BEGIN Information given

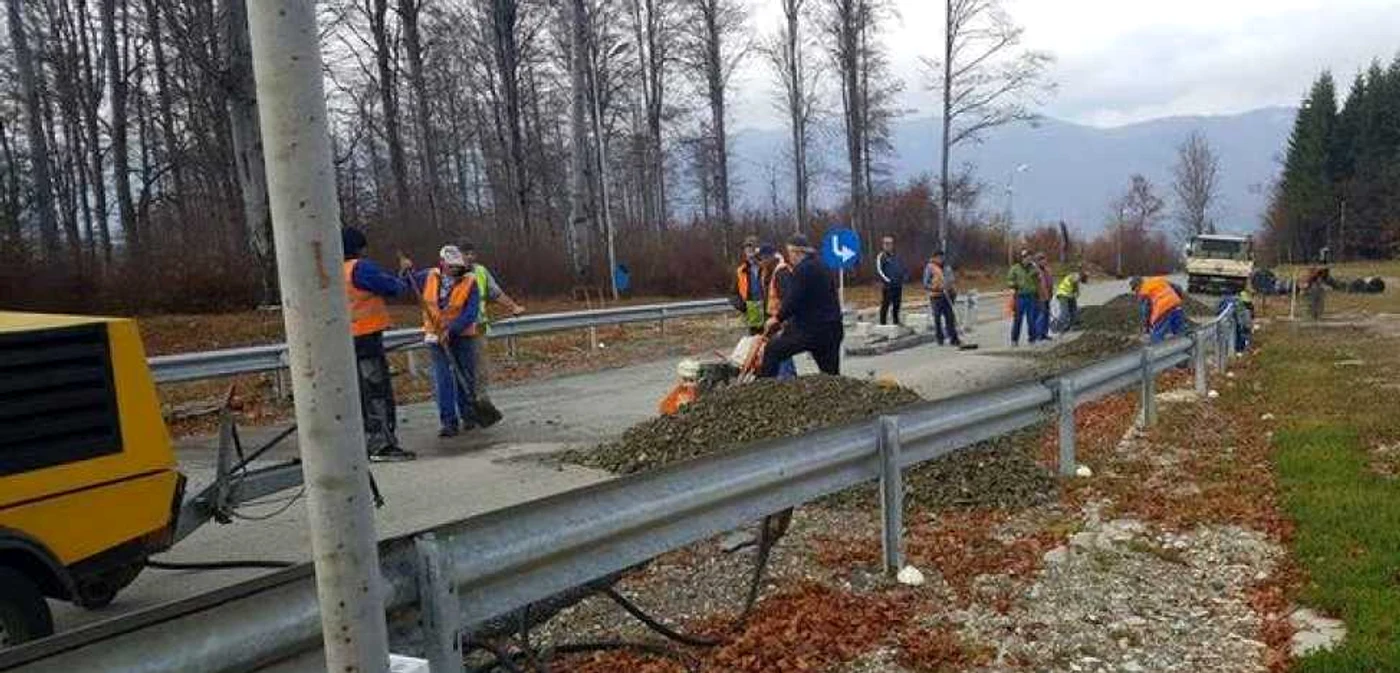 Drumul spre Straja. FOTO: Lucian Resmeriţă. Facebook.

END Information given
BEGIN Information given

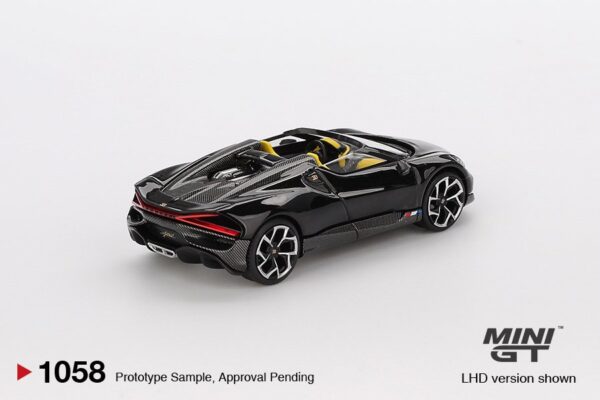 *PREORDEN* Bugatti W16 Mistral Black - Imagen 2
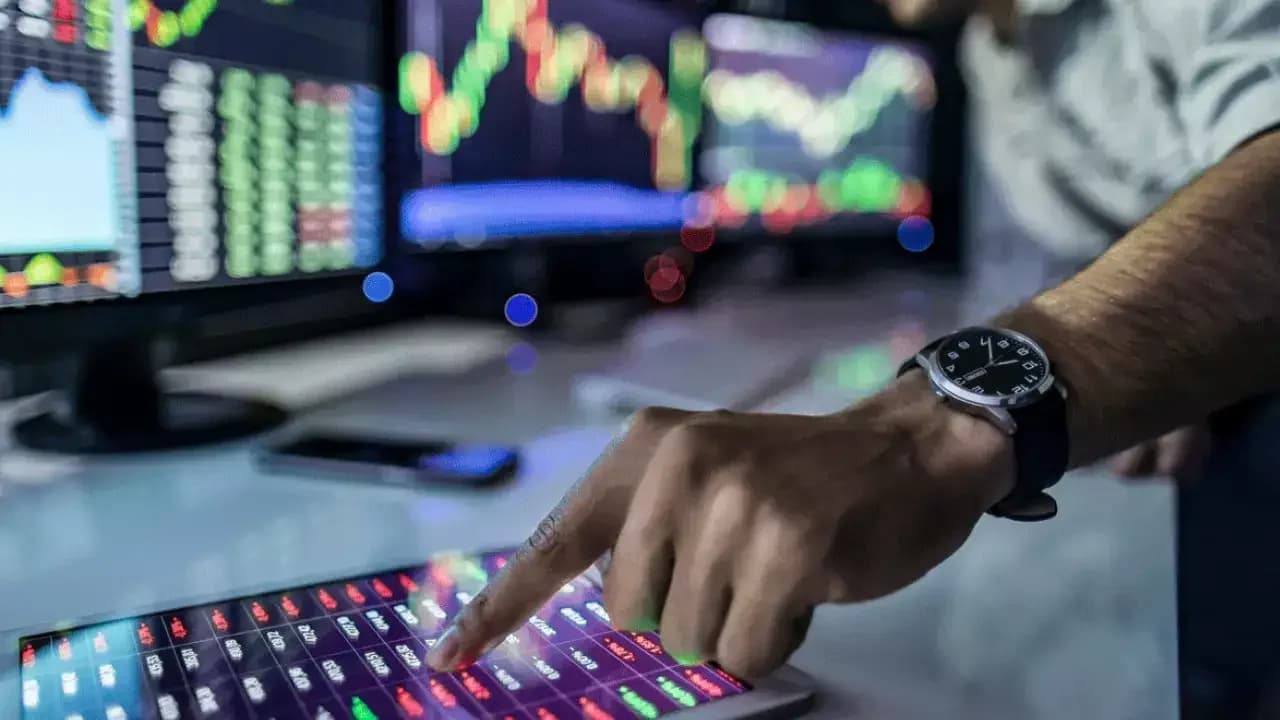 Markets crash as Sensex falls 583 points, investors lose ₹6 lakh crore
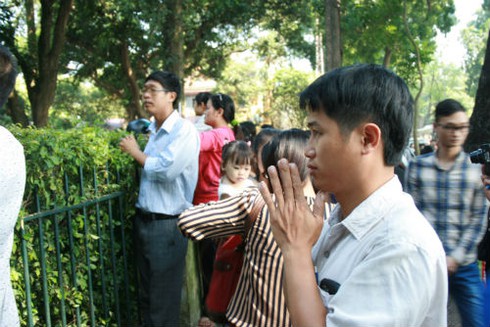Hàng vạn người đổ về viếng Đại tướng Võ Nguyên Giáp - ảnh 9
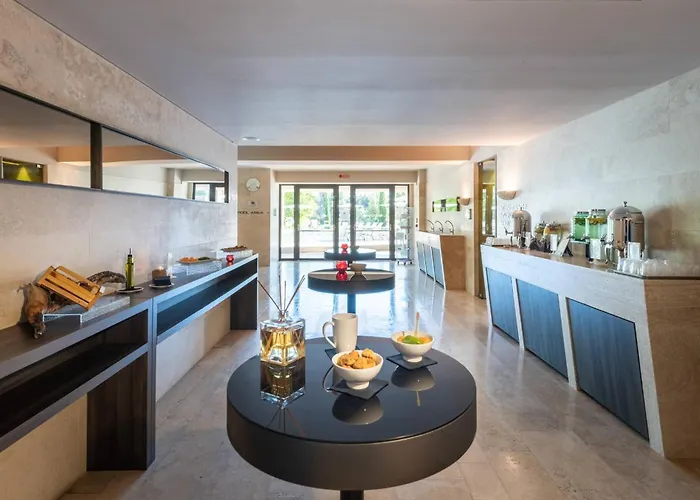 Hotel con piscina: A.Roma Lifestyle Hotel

END Information given

Range to copy from the listing above: the line containing "Hàng vạn người" down to the line containing "Hotel con piscina: A.Roma Lifestyle Hotel", both included. Reproduce it exactly, minus the pictures, and add nothing.

Hàng vạn người đổ về viếng Đại tướng Võ Nguyên Giáp - ảnh 9
 Hotel con piscina: A.Roma Lifestyle Hotel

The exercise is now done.